Drug recalls are more widespread than previously thought

Thousands of drugs are recalled each year after reaching pharmacy shelves and ultimately the homes of unsuspecting people across the country, according to the findings of a recent Kaiser Health News (KHN) investigation. The ever-expanding recalls of medications containing losartan and valsartan have garnered significant attention in the media. However, these recalls may be just one example of a problem that is more widespread than previously thought.

From January 2013 to October 2018, approximately 8,000 medications were recalled by pharmaceutical companies across the United States and abroad, the KHN report indicates.

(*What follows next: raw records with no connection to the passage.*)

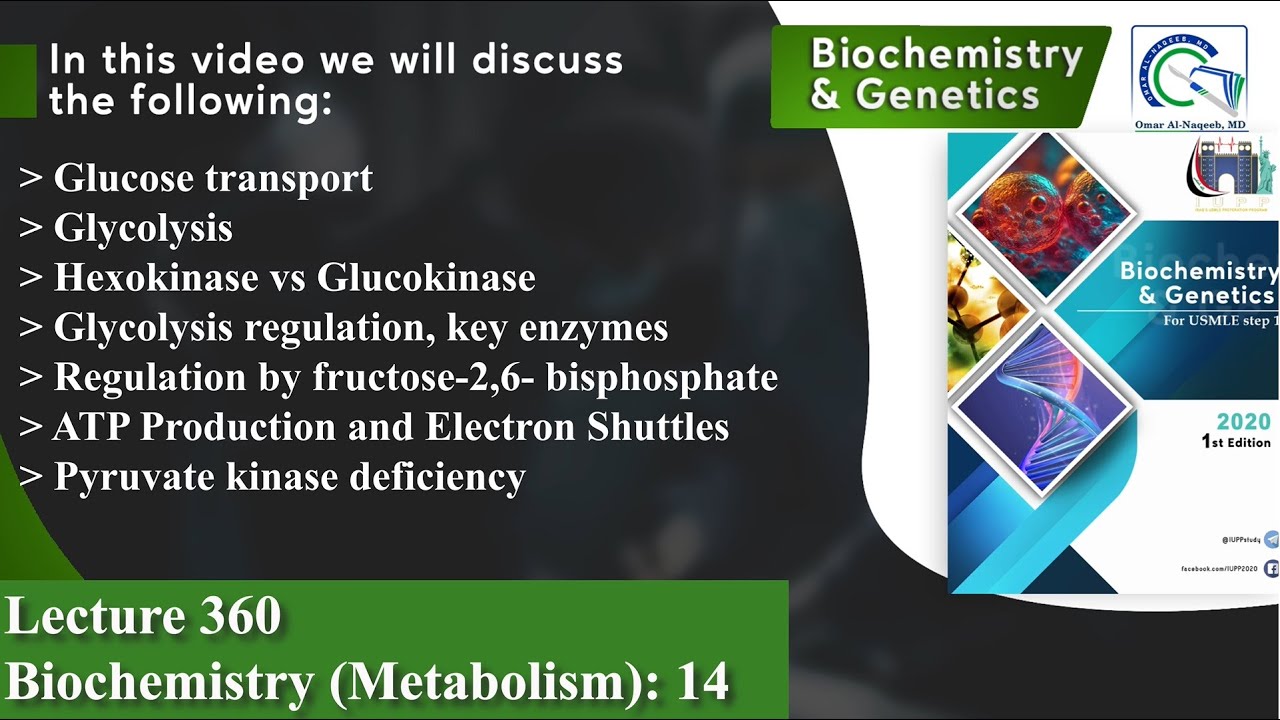 Glucose transport | Glycolysis | Shuttle Pathways | Pyruvate kinase deficiency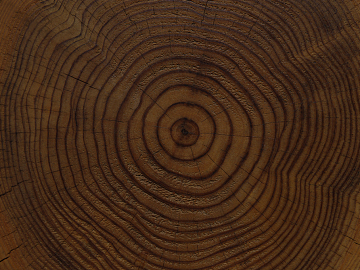 annual rings texture (ID:ffaag14789)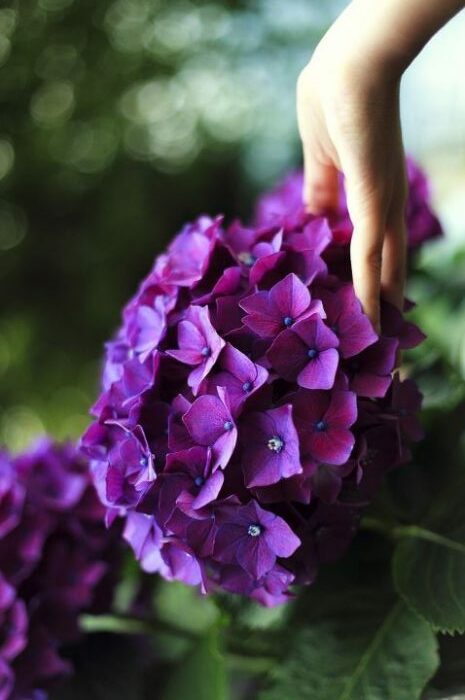 purple flowers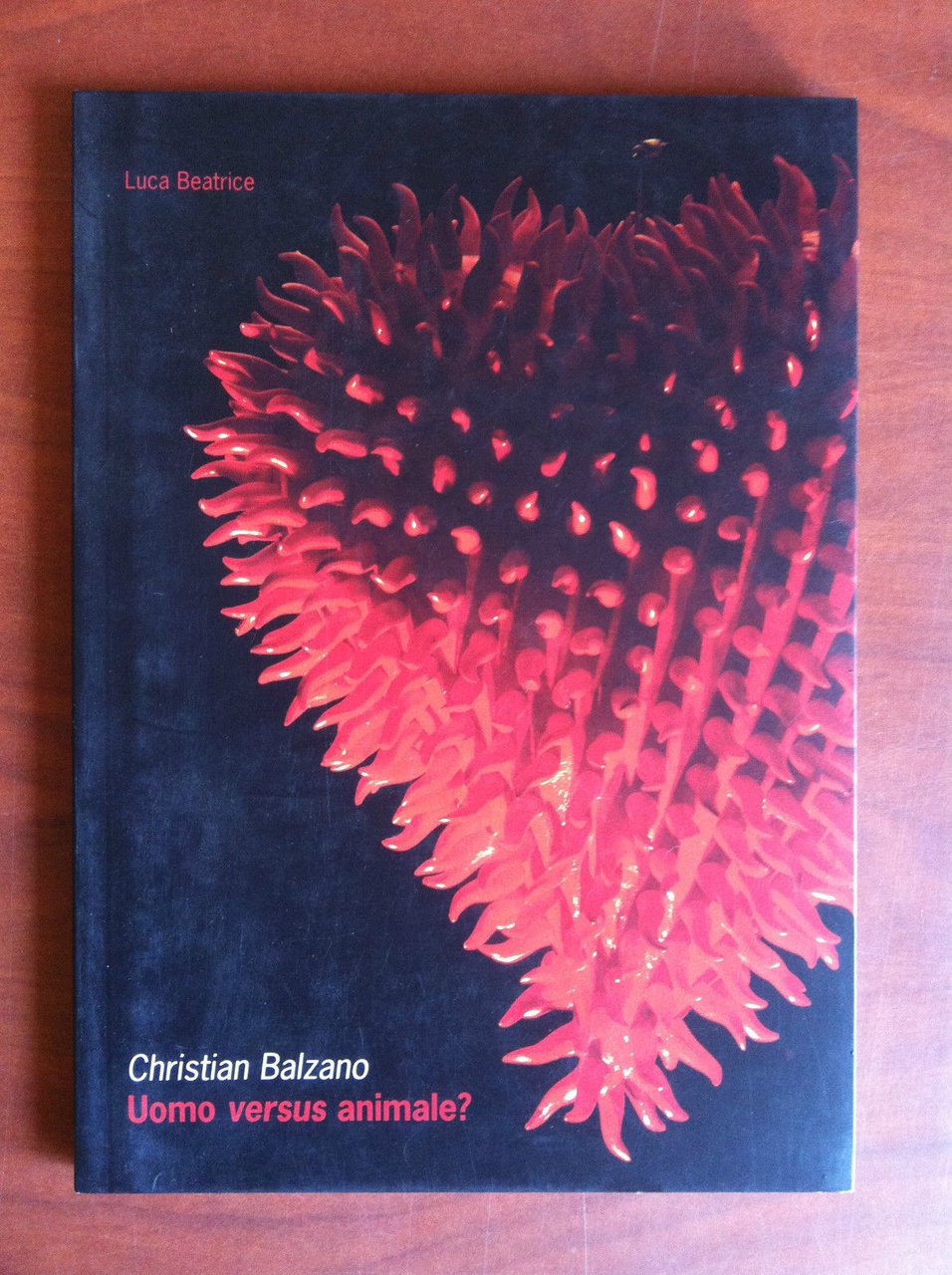 Catalogo della mostra di Christian Balzano L.u.C.C.A. Lucca 2009/10 - …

Causes ranged from adulteration—the strength of an active ingredient was lower/higher than standards allow, or bacteria/mold or glass/rubber particles were present—to mislabeling and sterility concerns.

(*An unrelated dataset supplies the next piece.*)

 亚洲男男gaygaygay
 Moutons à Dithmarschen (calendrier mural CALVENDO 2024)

“We all want to be able to trust that what we are dispensing is safe and effective, so these kinds of situations are really disturbing,” said Ashley Trask, PharmD, pharmacy supervisor at Medication Policy & Safety at UC Davis Health System, who was not involved in the KHN investigation. “The bottom line: As care providers, we are horrified by these types of situations.”

The KHN report also found that more than 2,500 facilities remained uninspected over a 5-year timespan, and more than 1,600 facilities, including 400 located outside the U.S., had not been inspected in 10 years.

“Nobody is looking over the shoulder of these drug manufacturers overseas,” said David Gortler, PharmD, PhD, former senior FDA medical officer. “No one’s making sure that these so-called sweatshop countries are doing a reliable job.”

Gortler, a consultant with Former FDA.com, said that U.S. drug facilities are subjected to rigorous inspection—“everything from engineering to pharmacologists”—once every 24 months. In contrast, overseas inspections occur every 6 to 7 years, he said. Considering travel requirements, including notifying departments of state, “there may be a leak” of the visit that compromises FDA’s ability to perform thorough impromptu inspections.

“FDA does everything possible … to address any potential risks in a sustainable way that will help ensure continued patient access to vital, safe, and effective drugs,” said FDA spokesperson Kristofer Baumgartner.